For those who would worry about such a trend away from warfighting capability, there is an alternative path. The inefficiencies of the national approach to defence within European states are self-evident. Integration between states of certain military activities could free up considerable extra money. It would not solve the problem permanently, but it could postpone the crisis for a generation or more. The constantly rising ratio of overhead costs to capability affects all nations; the more so as frontlines are reduced. Moving to pooled capabilities could reverse this trend. The number of people needed would fall, support manpower costs would decrease and, with larger contracts to let, further savings could be made by outsourcing. When pooled forces came to choose successor generation equipment, they would more easily agree on a common requirement. Production runs would be larger, and unit prices reduced. Governments would be both challenged and assisted by peer pressure and by the difficulty of escaping from binding international obligations.

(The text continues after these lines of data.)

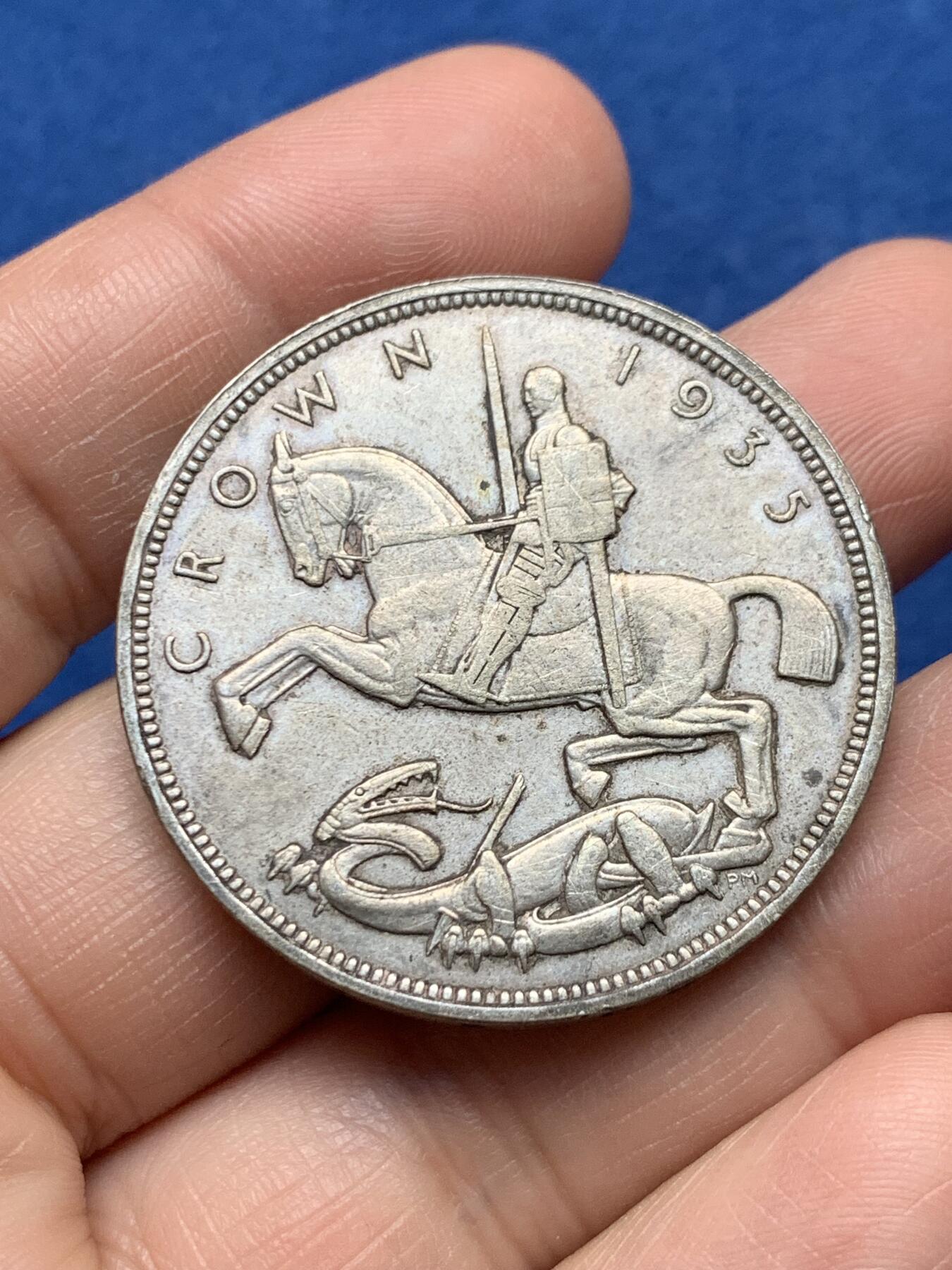 《竞宝斋》第474场 周日，周一 2场连拍 （全场包邮）欢迎送拍 英国1935年乔治五世木马剑一克朗银币 细节见图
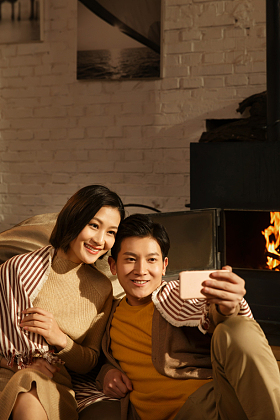 浪漫情侣用手机拍照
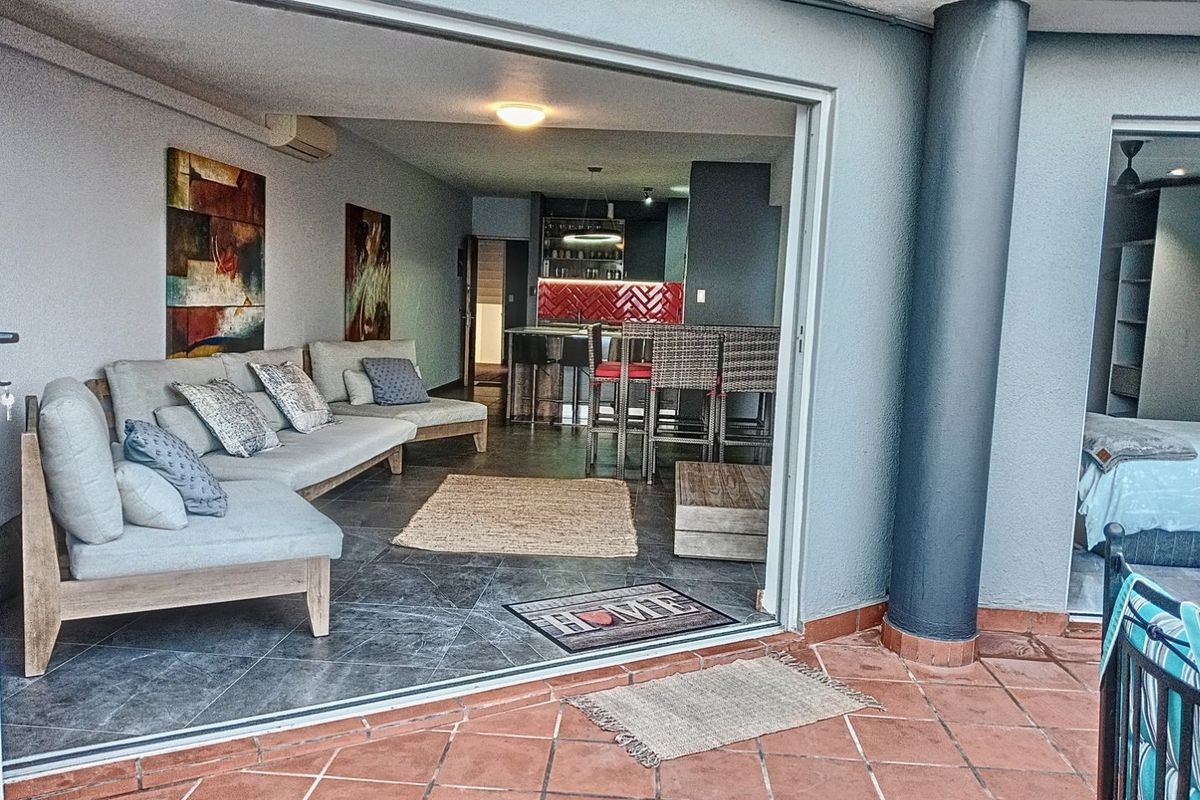 Beautiful Beachfront Apartment in Umdloti, North Coast of KwaZulu-Natal - Photo 5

Assuming they wish to retain an ability to use military force in defence of their interests, Europes governments will have to start down this route. The pursuit on a national basis of sophisticated and balanced capabilities, suitable for both high intensity and peacekeeping operations, is a chimera. In the case of the UK we will hit the wall well before the first new aircraft carrier is due to arrive in 2012. In the case of most of our European partners, the crunch will come much sooner. Artillery, armour and carrier air power are likely to be early casualties unless moves are made towards the rationalisation of European capabilities. The rationalisation will initially be between air forces, where such pooling is easier and produces rapid cost benefits. Instead of providing a UK air to air refuelling capability through a public private partnership arrangement, it would be easy to extend the arrangement to all of Europes military aircraft. Air transport would be much more effective if pooled using common assets such as the C130. The Eurofighter could be operated at much lower cost on a common ownership basis. None of this is new: the NATO AWACs is a supranational force with shared funding. The savings from such air power related integration would buy time to develop the much more difficult arrangements for truly shared land capabilities. Without early progress in this direction, capabilities like artillery will become casualties of the remorseless need for cash savings.
Integration is something different in kind from multinational co-operation. When forces are pooled, there must be consequent closures of surplus headquarters, training and maintenance infrastructure. It presupposes a sufficient commonality of purpose and policy to allow the participants to derive the economic benefits of common procurement, shared capabilities and a measure of role specialisation. This will not be popular with the vested interests of national defence ministries. However difficult to develop, the attempt must be made. Co-operation on the traditional basis will not suffice. The uncomfortable choice between hollow, increasingly unaffordable defence capabilities on a national basis and a real, sustainable capability on a European basis cannot be evaded much longer. For those in the military there is the choice to continue the decline through the regular defence review process, or to take the leadership role in generating a real European military capability.